Himanta Biswa Sarma, the Chief Minister of Assam defended this decision saying, “ “We need to preserve and protect them. The very purpose of the new department is to preserve them.”
According to Sarma the faiths traditions and cultures Karma Puja of the Adivasis, Bathou Puja of the Bodos, and the Tea Tribes of the indigenous communities of the state are fading away due to preaching and professional management systems of mainstream religions and it is necessary to protect them.
Answering to a Zero Hour notice in the State Assembly regarding the creation of the Department of Indigenous Faith and Culture, Sarma said time, modernity and global religious communities had taken a toll on tribal cultures, practices, languages, livelihoods and faiths in Assam.
“The mandate of the new department to be put under the joint control of the directorates of Archaeology, Museum, and History and Antiquarian Studies will be to interact with the tribal people, study the folklores, customs and practices for ensuring these are not forgotten,” he said.
Sarma strongly believes that these tribal communities and their culture should be preserved, hence directorates of Antiquarian Studies, Archaeology, and Museum and History will interact with the tribal communities, understand their practices, beliefs, and folklores.
The Department of indigenous faith and culture would be allotted ₹100-crore in the first year and from thereon the government would increase the funds gradually.
Nature worship defines the tribal faiths that conveyed the message of conservation to the rest of the world. Most ethnic communities in Assam are believers of animism, though some, over the years, may have turned to the dominant religion in their respective areas.
He also said that those from the mainstream religions did not think of themselves adhering to the superior belief system and the tribal people could have to retain their faiths and it has become important to address the environmental issues the world is facing currently.
“Sadly, the vicissitudes of time, modernity and global religious communities have threatened the tribal belief systems, adding to that he also said, “ Temples of Sanskritised communities, churches of Christians and mosques of Muslims came up, the onslaught of religious preaching and professional management systems gradually made the indigenous faiths vanish.”

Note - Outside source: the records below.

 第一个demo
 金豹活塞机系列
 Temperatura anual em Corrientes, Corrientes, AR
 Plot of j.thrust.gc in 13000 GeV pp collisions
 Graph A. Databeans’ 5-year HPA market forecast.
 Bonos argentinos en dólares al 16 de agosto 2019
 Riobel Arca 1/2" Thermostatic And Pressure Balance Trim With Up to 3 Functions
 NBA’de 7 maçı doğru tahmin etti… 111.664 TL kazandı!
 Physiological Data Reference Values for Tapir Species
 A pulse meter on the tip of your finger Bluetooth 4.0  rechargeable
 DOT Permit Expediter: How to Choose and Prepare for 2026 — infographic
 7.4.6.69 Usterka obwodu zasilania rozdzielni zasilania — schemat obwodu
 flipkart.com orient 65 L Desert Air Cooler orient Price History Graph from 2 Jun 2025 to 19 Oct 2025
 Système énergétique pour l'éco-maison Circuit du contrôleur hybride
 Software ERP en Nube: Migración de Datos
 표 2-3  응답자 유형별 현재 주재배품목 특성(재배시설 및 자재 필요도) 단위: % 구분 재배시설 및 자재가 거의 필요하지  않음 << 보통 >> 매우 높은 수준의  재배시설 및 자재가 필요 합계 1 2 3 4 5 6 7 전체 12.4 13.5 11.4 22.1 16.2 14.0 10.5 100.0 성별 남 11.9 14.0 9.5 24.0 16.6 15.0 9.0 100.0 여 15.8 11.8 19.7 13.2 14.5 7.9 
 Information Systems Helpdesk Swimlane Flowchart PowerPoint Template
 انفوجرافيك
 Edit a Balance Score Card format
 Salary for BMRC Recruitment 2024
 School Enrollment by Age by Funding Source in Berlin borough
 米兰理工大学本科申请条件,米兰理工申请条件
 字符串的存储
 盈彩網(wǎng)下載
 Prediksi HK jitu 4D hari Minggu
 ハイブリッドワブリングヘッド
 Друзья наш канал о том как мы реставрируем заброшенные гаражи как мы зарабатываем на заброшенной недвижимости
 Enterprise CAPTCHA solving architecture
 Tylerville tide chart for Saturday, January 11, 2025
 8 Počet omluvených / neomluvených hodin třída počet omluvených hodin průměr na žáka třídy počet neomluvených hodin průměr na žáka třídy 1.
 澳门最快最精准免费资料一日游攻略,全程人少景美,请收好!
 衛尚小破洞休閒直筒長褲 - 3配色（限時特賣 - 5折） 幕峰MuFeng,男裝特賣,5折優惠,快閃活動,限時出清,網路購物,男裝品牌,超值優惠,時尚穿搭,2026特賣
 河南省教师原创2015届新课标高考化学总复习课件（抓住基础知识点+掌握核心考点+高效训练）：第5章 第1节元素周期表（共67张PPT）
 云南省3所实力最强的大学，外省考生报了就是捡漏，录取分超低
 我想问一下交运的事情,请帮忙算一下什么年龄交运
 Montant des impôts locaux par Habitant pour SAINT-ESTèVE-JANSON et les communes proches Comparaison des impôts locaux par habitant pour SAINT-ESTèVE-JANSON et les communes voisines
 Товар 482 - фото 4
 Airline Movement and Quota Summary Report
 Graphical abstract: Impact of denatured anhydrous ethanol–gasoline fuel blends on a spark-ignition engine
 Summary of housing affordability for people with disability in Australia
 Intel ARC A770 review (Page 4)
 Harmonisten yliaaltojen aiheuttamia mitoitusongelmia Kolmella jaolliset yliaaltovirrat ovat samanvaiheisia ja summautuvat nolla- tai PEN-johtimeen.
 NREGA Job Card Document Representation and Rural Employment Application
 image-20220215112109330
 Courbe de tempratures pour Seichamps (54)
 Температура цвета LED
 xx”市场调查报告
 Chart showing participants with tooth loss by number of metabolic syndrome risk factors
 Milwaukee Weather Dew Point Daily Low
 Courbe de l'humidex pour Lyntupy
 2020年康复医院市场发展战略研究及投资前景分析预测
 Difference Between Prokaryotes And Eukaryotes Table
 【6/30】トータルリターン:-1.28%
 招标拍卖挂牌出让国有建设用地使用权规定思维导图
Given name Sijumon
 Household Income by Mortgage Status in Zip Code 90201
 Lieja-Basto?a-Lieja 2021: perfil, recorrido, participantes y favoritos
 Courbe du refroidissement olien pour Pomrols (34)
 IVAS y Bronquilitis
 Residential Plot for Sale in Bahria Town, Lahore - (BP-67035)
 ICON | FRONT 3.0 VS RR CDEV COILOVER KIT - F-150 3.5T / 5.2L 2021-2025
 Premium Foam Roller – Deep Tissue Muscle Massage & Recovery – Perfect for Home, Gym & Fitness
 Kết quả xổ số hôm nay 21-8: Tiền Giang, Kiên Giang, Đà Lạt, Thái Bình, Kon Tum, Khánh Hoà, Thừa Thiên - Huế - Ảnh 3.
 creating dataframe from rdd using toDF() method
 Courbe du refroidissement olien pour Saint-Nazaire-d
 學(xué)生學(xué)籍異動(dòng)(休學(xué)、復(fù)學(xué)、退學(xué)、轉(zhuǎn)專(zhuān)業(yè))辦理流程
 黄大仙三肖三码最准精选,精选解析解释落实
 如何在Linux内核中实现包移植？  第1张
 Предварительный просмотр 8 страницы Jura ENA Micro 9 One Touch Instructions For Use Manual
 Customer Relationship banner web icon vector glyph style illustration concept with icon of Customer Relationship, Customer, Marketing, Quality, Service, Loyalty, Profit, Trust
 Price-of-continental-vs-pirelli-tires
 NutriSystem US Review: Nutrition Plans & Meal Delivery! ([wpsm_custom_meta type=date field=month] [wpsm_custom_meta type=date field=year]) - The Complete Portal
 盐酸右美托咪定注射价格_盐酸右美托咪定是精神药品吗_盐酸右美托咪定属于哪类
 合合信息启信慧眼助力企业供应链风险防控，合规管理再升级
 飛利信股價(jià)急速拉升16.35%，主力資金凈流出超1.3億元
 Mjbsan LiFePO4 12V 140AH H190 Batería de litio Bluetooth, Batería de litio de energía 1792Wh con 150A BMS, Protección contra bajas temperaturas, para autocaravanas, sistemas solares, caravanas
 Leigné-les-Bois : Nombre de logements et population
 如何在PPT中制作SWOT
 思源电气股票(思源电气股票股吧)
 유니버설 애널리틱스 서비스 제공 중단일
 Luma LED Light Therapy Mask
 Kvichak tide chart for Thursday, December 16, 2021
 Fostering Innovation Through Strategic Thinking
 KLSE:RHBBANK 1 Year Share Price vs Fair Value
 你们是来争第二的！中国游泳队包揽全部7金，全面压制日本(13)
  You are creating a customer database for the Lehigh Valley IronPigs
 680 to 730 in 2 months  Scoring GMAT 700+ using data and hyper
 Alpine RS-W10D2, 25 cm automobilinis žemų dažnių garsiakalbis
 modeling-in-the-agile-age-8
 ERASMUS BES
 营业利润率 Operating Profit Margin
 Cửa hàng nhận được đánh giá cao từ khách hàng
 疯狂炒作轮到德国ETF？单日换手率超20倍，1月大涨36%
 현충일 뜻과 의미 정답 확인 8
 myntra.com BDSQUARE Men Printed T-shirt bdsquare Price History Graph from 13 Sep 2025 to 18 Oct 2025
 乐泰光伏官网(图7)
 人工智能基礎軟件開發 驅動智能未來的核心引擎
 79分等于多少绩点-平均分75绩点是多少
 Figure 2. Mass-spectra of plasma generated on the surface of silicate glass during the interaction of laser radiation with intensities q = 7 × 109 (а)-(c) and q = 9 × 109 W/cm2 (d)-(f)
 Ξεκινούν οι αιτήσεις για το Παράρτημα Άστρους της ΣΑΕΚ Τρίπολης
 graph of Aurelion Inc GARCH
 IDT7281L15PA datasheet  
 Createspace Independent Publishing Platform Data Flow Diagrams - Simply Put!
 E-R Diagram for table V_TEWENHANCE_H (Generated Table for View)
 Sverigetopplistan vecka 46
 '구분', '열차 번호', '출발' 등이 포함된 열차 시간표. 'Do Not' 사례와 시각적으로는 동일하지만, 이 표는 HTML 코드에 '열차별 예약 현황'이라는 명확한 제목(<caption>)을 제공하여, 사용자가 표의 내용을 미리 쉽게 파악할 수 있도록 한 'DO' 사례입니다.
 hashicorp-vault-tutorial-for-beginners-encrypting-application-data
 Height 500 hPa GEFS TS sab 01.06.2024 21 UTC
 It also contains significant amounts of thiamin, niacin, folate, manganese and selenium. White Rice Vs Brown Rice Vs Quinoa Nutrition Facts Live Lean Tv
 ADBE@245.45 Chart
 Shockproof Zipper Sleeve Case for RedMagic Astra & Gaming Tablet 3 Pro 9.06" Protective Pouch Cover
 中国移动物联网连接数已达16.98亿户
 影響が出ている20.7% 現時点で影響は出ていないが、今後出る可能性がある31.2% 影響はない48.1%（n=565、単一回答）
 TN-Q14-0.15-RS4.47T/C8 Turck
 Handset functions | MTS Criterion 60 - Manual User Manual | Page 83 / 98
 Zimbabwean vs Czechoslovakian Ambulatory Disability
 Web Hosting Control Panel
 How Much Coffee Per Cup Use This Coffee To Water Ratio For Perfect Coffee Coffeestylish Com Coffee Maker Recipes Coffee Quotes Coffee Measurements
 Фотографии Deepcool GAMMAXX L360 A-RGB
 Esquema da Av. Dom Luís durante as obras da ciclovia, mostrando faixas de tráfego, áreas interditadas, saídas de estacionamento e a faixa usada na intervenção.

Assam has tribes like Boro, Koch, Tiwa, and many others which follow unique customs and religious beliefs and the government decided to preserve their faith and culture with institutional support through the establishment of this new department.
He also implied that the Taliban’s destruction of the Bamiyan Buddhist statues in Afghanistan was an example of how mainstream religions cut off people from their cultural roots.